Collected data START

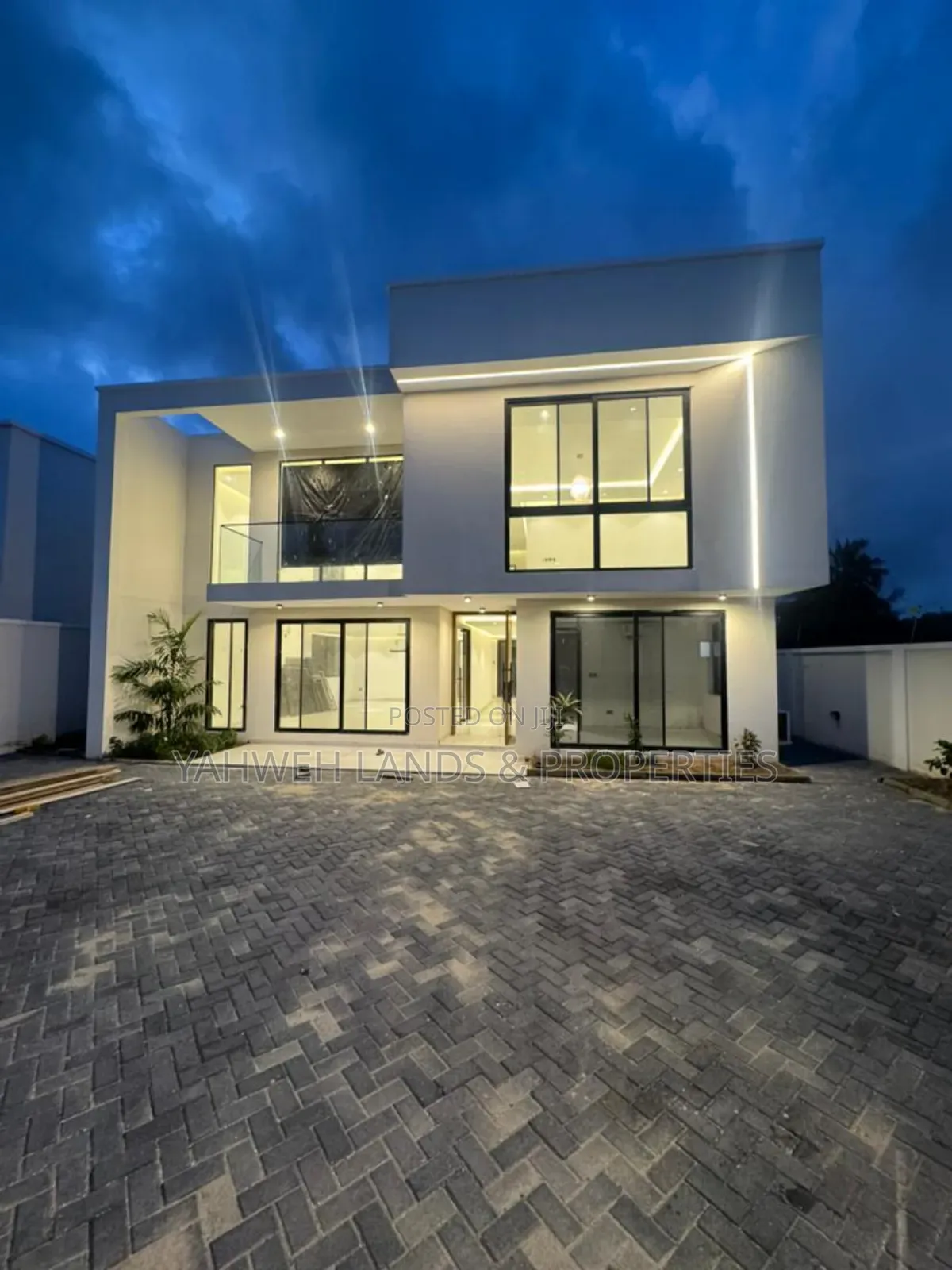 5bdrm House in Cantonments for sale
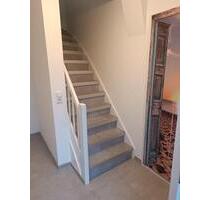 3,5 Zi Wohnung 123 m2 1. OG Balkon, Garten, 2 Stellplätze - Langenfeld (Rheinland)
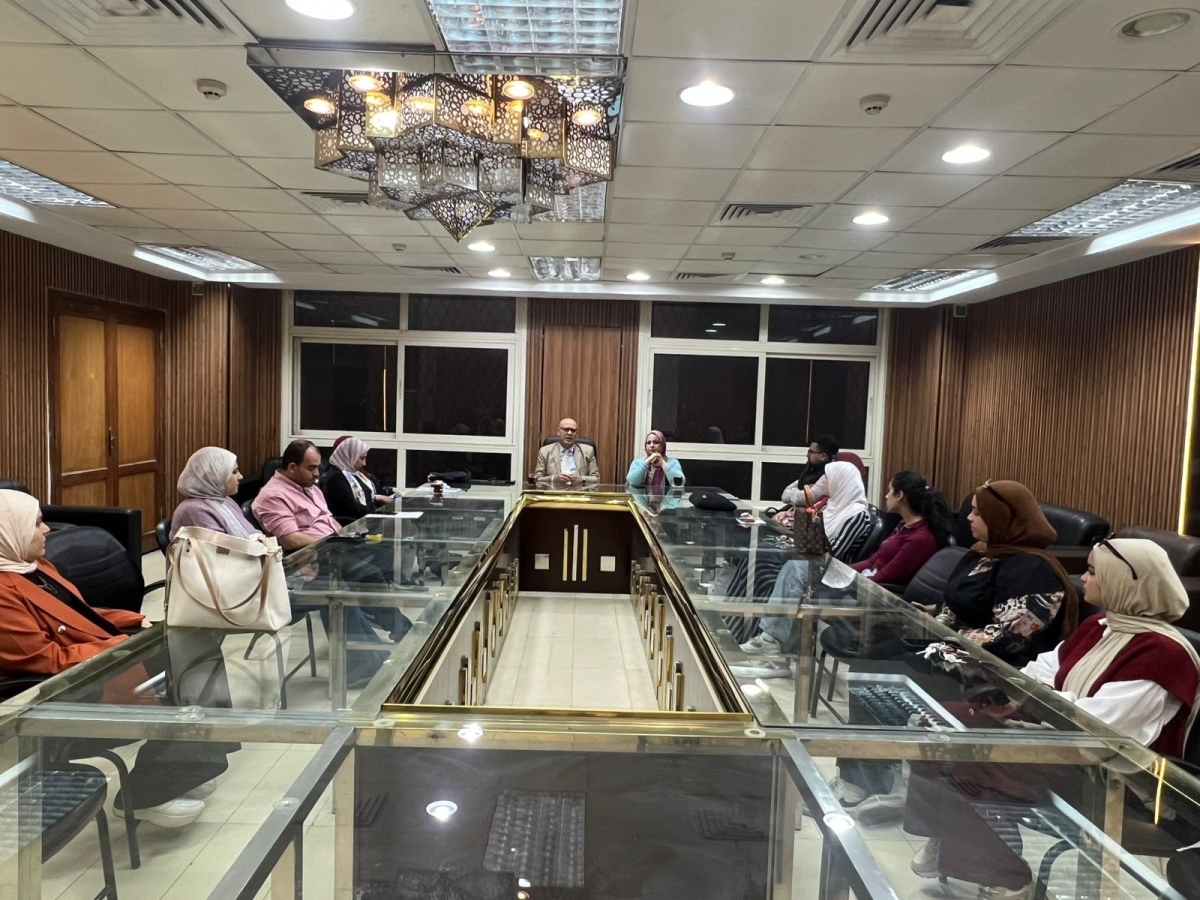 برعاية الأستاذ الدكتور/ أسامة ندا عميد كلية الفنون التطبيقية  أُقيمت بكلية الفنون التطبيقية اليوم الأربعاء الموافق 26/11/2025 ورشة عمل توعوية حول مشروعات تطوير التعليم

Collected data END

Problem statement:
Restate the listing above word for word. Leave the images out.

Exercise result:
 5bdrm House in Cantonments for sale
 3,5 Zi Wohnung 123 m2 1. OG Balkon, Garten, 2 Stellplätze - Langenfeld (Rheinland)
 برعاية الأستاذ الدكتور/ أسامة ندا عميد كلية الفنون التطبيقية  أُقيمت بكلية الفنون التطبيقية اليوم الأربعاء الموافق 26/11/2025 ورشة عمل توعوية حول مشروعات تطوير التعليم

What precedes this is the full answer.